Stored records
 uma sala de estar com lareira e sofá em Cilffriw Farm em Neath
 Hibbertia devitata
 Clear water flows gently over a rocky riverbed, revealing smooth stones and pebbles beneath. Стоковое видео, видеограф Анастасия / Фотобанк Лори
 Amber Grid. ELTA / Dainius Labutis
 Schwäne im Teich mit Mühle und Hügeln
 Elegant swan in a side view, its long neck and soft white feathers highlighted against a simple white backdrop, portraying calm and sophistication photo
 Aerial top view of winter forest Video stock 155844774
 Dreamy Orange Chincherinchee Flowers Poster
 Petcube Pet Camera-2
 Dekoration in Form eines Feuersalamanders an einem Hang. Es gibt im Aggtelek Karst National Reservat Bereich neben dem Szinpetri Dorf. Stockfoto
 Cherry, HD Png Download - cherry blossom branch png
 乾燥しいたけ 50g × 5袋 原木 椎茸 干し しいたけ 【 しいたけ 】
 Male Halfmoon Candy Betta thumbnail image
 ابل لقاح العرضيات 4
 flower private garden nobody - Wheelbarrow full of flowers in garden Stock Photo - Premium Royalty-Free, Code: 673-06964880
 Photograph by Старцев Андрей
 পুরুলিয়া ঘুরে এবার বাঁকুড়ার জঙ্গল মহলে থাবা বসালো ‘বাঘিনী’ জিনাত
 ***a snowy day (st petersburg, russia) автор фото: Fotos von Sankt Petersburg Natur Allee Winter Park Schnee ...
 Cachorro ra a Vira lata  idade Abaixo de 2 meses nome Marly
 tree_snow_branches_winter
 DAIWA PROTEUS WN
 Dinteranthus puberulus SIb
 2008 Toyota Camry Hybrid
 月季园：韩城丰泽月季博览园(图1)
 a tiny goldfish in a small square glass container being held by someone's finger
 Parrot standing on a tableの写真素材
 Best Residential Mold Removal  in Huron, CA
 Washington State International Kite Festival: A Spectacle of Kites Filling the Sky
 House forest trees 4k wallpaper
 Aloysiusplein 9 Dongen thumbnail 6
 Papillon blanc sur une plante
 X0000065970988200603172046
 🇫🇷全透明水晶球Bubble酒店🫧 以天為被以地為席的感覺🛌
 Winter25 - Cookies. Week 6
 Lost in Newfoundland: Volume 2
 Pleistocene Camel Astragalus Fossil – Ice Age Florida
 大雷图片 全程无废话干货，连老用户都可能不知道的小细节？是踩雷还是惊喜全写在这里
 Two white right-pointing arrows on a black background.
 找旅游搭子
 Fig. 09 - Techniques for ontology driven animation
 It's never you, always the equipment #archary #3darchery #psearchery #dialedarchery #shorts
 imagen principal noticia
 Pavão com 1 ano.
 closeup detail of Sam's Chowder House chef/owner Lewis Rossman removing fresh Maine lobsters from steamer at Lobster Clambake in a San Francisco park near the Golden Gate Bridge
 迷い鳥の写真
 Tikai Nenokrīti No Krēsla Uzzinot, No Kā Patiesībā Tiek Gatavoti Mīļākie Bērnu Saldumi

Task details: Word for word, restate the lines above from the line containing "Aerial top view" through the line containing "Dekoration in Form", with both included and nothing else.

Reply:
 Aerial top view of winter forest Video stock 155844774
 Dreamy Orange Chincherinchee Flowers Poster
 Petcube Pet Camera-2
 Dekoration in Form eines Feuersalamanders an einem Hang. Es gibt im Aggtelek Karst National Reservat Bereich neben dem Szinpetri Dorf. Stockfoto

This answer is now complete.